We have Amalia Plotogea here on this episode; and Amalia’s name might sound familiar because you may have read about her experience being a surveillance officer in Bangladesh to support the World Health Organization’s response to the Rohingya refugee crisis on our Blog.
I brought Amalia on the podcast to ask her more about her field epidemiology experience because you all wanted to hear more. She tells us about two different deployments she was on, which gave her two different experiences. We also talk about high stress environments and uncomfortable situations she has been in, and how all of these experiences prepared her for her field deployment. And the most inspiring part is that we get to see how she actually puts herself into such situations, because right off the bat Amalia tells us how uncomfortable she is feeling recording this very podcast episode!
After we hear about some of her experiences, Amalia tells us about the importance of building relationships, and trust, and how it helps with your career, and also expands on the tips she shared in her blog post, for those of us thinking about getting into public health fieldwork.

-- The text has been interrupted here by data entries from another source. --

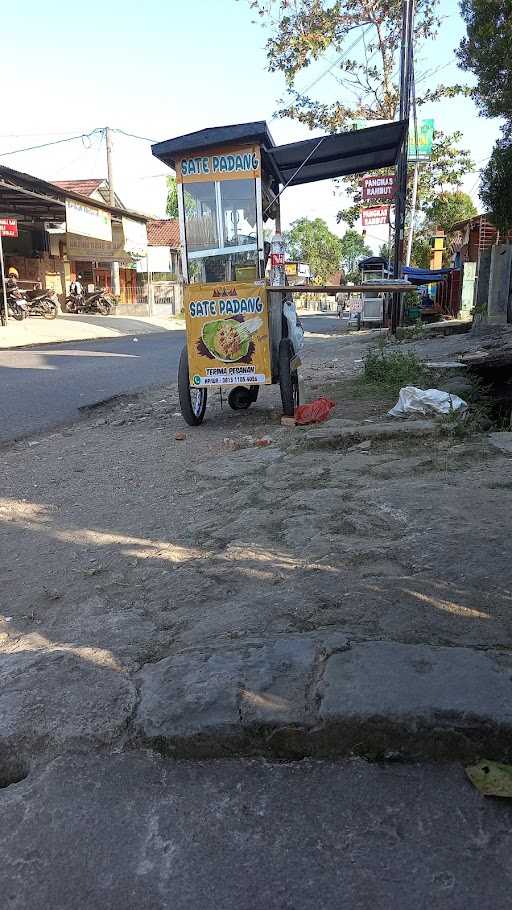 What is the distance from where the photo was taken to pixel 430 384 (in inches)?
261

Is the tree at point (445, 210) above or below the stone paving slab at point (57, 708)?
above

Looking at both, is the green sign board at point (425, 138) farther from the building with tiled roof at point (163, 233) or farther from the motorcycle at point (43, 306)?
the building with tiled roof at point (163, 233)

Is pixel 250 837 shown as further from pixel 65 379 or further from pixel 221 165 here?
pixel 65 379

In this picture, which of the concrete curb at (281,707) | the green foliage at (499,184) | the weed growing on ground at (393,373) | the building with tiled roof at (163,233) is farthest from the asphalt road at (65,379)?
the building with tiled roof at (163,233)

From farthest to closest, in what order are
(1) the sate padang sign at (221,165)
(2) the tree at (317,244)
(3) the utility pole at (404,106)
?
(2) the tree at (317,244) → (3) the utility pole at (404,106) → (1) the sate padang sign at (221,165)

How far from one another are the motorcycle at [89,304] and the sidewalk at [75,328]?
63.3 inches

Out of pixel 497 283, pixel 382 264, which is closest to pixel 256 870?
pixel 497 283

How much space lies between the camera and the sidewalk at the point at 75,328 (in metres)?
17.6

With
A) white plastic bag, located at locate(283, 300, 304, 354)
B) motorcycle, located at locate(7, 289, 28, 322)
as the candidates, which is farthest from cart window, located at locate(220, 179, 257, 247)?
motorcycle, located at locate(7, 289, 28, 322)

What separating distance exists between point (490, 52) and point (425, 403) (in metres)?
7.65

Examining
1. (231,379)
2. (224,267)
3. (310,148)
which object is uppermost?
(310,148)

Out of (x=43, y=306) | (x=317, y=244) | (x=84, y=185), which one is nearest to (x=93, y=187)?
(x=84, y=185)

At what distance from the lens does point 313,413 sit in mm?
5637

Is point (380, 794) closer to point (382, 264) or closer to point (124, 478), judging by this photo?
point (124, 478) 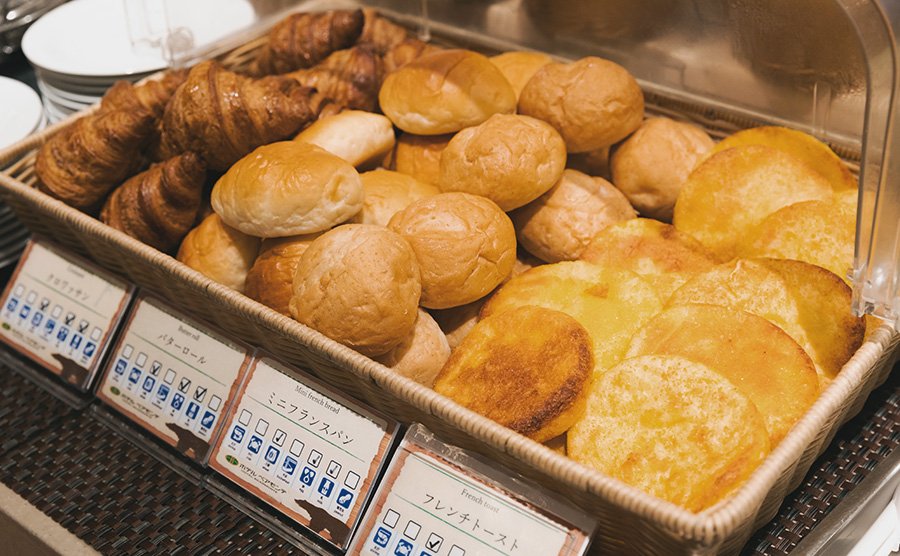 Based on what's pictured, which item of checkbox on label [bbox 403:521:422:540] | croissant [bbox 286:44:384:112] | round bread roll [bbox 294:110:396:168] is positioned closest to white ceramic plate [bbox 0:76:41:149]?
croissant [bbox 286:44:384:112]

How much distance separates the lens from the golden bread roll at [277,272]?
152 cm

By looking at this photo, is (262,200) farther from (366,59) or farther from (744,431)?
(744,431)

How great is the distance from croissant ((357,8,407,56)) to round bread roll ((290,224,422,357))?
1.01 metres

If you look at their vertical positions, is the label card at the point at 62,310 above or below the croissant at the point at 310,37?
below

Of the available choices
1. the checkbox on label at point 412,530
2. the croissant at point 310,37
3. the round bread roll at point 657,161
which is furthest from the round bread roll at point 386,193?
the checkbox on label at point 412,530

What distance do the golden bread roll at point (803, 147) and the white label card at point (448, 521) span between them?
3.26ft

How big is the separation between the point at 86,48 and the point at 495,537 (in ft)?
7.07

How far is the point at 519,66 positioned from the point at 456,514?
1.21 meters

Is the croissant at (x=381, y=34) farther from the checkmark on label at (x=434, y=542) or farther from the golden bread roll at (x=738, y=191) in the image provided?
the checkmark on label at (x=434, y=542)

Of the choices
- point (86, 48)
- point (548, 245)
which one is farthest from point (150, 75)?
point (548, 245)

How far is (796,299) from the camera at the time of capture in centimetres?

- About the two different deployments Amalia went on: one to Northern Canada, and the other to Bangladesh
- Stressful environments and experiences she has had that have prepared her for field work
- How to seek discomfort, as a “skill” to develop for field work
- Tips for individuals who may be thinking about getting into field work
- About the Canadian Field Epidemiology Program (CFEP) that Amalia was a part of, and other similar programs around the world (see resources section for links to these)
- How Amalia has embraced being a “generalist” versus a “specialist”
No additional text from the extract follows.